#### Task item
Locate "Una habitación con" in the records below, then copy its line and every following line exactly, without the pictures.

━━━━━━

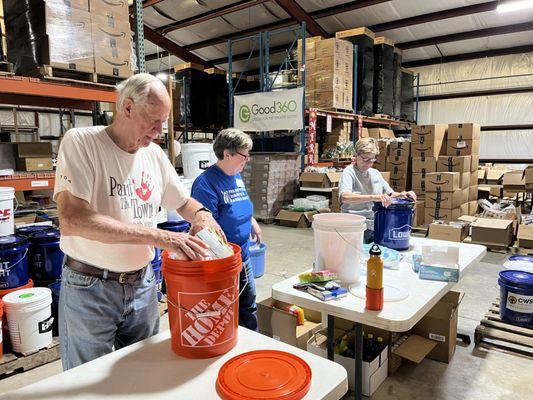 Volunteers in the Disaster Relief Center packing flood buckets for emergency response.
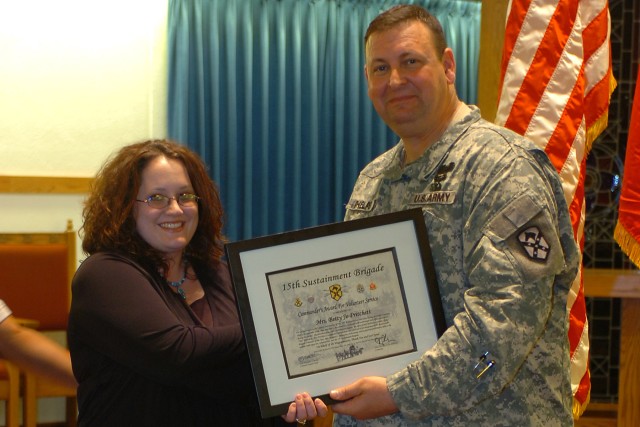 Col. Larry Phelps, the commander of the 15th Sustainment Brigade, 13th Sustainment Command (Expeditionary), presents the volunteer of the year award to Betty Jo Pritchett, a volunteer from the 49th Transportation Battalion for her efforts over the pa...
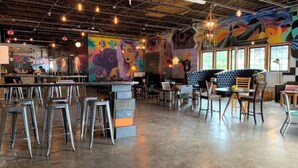 A spacious cafe with high ceilings, exposed beams, and a mural on the wall. There are multiple seating areas with stools and tables, and a bar counter with stools. - Urban Cottage. Walkable. Sweet Spring Stay (Austin)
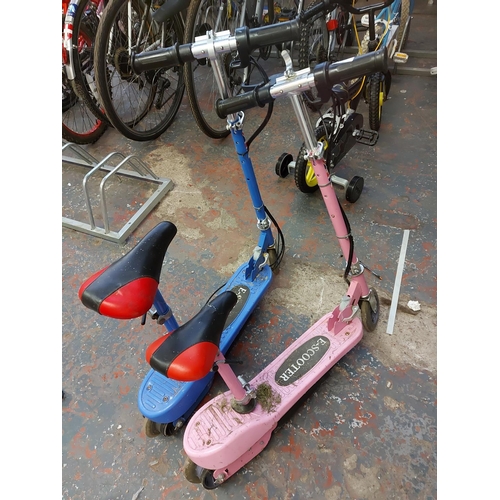 1007 - Two E-Scooter electric ride ons, one pink, one blue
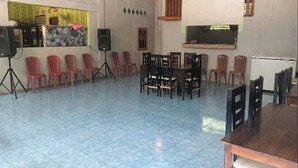 Una habitación con piso de baldosas, un escenario con un orador y un comedor con mesas y sillas.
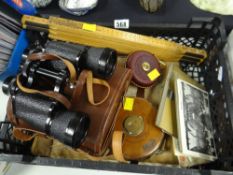 A vintage parcel of cased binoculars, tape measures, long folding Rabone Chesterman ruler ETC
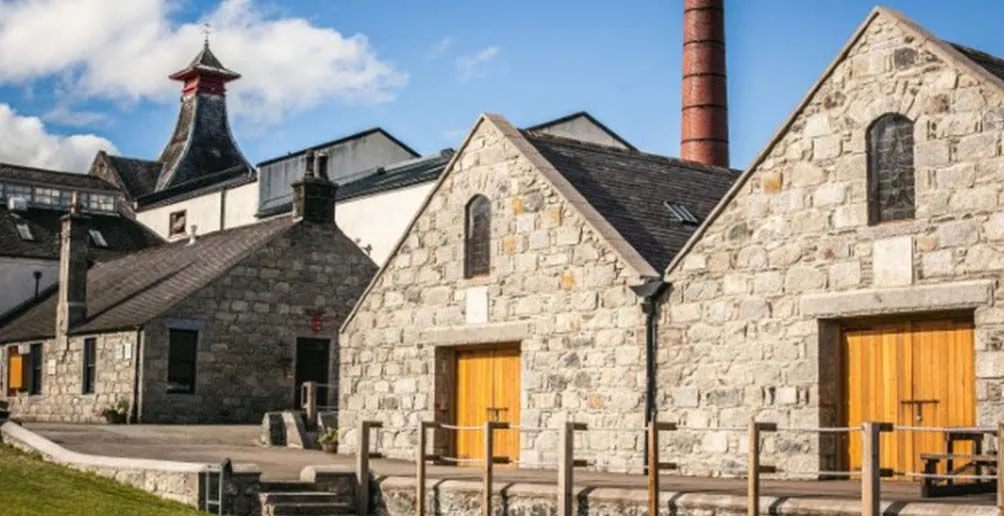 Stone buildings in Knockdu distillery with a red chimney located behind them and a pagoda style roof on the far left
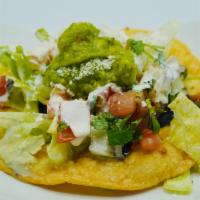 Tostadas · Deep fried round corn tortilla filled with refried beans topped with lettuce, pico de gallo,...
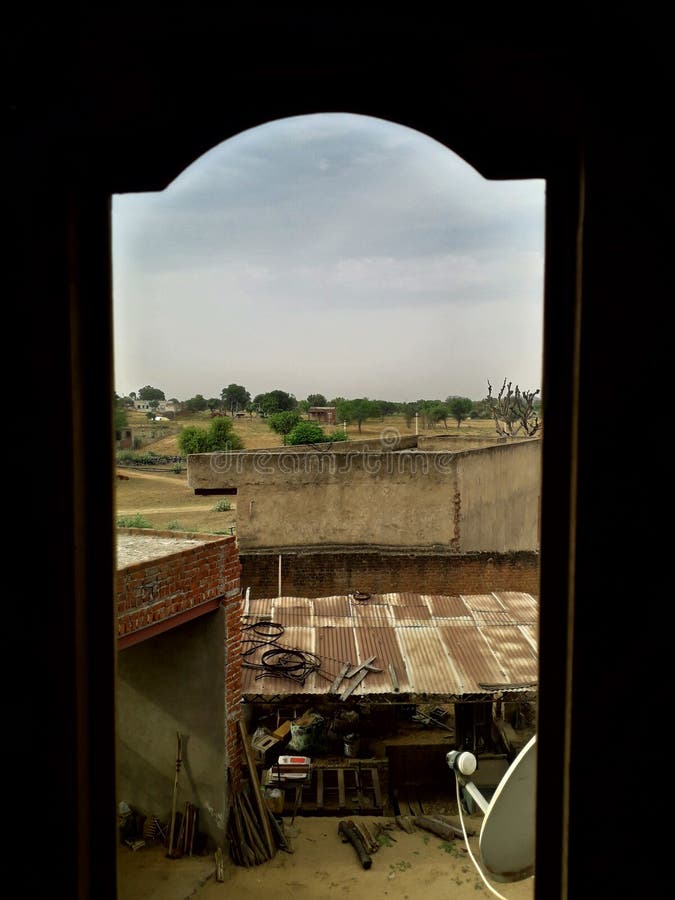 A Beautiful View of a Village Outside from a Wooden Window Stock Image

━━━━━━

#### Completed exercise
 Una habitación con piso de baldosas, un escenario con un orador y un comedor con mesas y sillas.
 A vintage parcel of cased binoculars, tape measures, long folding Rabone Chesterman ruler ETC
 Stone buildings in Knockdu distillery with a red chimney located behind them and a pagoda style roof on the far left
 Tostadas · Deep fried round corn tortilla filled with refried beans topped with lettuce, pico de gallo,...
 A Beautiful View of a Village Outside from a Wooden Window Stock Image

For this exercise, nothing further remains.